The Department of Promotion of Industry and Internal Trade (DPIIT) has sought views from the Ministry of Information and Broadcasting on issues raised by some stakeholders over the government’s decision to restrict 26% FDI in digital media, reported Business Standard last week. The Union Cabinet had approved restricting 26% FDI under government route for uploading/streaming of news and current affairs through digital media in August.

What is the industry concerned about? Some of the industry players and experts have said that the move to cap FDI in the sector to 26% would restrict them from raising funds. Other industry players are seeking clarity on how to treat cases of television broadcasters who stream news online, but are allowed 49% FDI and for the news websites which belong to foreign entities.

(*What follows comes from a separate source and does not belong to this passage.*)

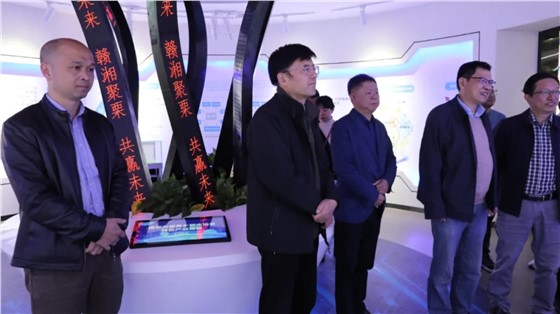 省發(fā)改委二級(jí)巡視員曾洪暉一行來上栗調(diào)研指導(dǎo)工作，并參觀由立標(biāo)展覽布展的贛湘合作產(chǎn)業(yè)園展示館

Internet and Mobile Association of India too had sought clarifications on the issue and said that the decision would have an impact on the start-up ecosystem as continued FDI is critical to enable Indian digital media start-ups to reach global scales. It had stated that failure to clarify what is actually sought to be regulated would be a death blow to many of these. It is worth noting that until August, digital media was not considered as a separate category for the purpose of FDI. To broadcast news in India, a broadcast media company needs an up-linking and/or downlinking license, while newspapers or magazines need to register with the Registrar for the Newspapers of India (RNI), both of which fall under the Union Ministry for Information and Broadcasting.